12-month FDI in Romania drops to €3.9bn in May
By bne IntelliNews July 18, 2017

Foreign direct investments (FDI) by non-residents in Romania in the 12 months ending May were €3.93bn (2.26% of GDP, down from 2.45% one year earlier), according to central bank data. 

This was less than the Current Account calculated for the same period, meaning that the FDI no longer finances the widening Current Account deficit.

The trend is likely to strengthen as the Current Account deficit is set to widen further, above 3% of GDP in 2017 and the coming years. Rating agency Fitch has projected the Current Account gap at 3.1% of GDP this year, driven by the 3.7% of GDP budget deficit.

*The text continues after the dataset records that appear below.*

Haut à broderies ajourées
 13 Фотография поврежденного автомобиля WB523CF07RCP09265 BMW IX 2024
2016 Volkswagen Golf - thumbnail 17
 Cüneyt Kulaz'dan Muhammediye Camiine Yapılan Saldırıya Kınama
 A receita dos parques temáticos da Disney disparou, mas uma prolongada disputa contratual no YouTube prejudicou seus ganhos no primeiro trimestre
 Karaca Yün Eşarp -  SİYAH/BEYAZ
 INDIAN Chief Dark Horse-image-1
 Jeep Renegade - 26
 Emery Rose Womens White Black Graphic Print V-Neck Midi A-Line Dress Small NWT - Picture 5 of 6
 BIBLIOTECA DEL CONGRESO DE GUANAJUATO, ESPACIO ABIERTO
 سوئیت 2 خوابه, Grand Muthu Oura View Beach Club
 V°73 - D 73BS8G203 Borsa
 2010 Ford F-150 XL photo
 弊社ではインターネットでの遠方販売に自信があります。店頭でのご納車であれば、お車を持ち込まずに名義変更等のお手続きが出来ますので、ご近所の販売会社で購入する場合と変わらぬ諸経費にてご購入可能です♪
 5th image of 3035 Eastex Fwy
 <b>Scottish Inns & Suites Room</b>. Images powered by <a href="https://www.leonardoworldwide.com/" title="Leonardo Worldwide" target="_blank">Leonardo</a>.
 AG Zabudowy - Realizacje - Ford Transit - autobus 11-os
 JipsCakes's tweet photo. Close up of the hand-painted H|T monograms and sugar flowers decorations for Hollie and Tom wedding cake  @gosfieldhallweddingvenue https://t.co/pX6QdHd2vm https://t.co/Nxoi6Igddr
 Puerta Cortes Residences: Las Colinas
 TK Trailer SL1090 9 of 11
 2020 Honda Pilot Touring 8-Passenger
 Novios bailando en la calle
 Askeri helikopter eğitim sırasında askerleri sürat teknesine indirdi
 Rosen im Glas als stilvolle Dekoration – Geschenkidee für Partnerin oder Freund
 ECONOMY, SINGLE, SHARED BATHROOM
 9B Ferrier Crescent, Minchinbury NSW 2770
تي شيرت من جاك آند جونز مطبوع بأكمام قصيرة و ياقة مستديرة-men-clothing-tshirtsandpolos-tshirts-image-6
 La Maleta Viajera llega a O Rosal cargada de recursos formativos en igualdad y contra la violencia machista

The Current Account gap will further widen to 3.3% of GDP in 2018 as the fiscal gap widens as well, to 4% of GDP. FDI is expected to lag behind the Current Account gap.

The trailing 12-month FDI dropped from €4.4bn at the end of March to €3.9bn one month later mainly as an effect of companies in the non-banking sector reducing their indebtedness to local subsidiaries by nearly €500mn in April. A similar reduction, of a wider magnitude (nearly €1bn), was reported in December. It was not uncommon to see negative changes in the stock of inter-company lending (a part of the FDI) in the past, but the €1.7bn decline in December 2016 - April 2017 was of unusual magnitude. In May, the inter-company lending increased and the local non-bank firms received (net) €278mn financing from their foreign parent companies.

The equity investments of non-residents in Romania, calculated as 12-month trailing value, remained roughly constant from January to May at between €4.1bn-4.2bn. This is significantly above the €3.6bn calculated in May 2016 and Mat 2015. The equity FDI increased significantly from €2.2bn in 2013 when data under detailed format was released for the first time.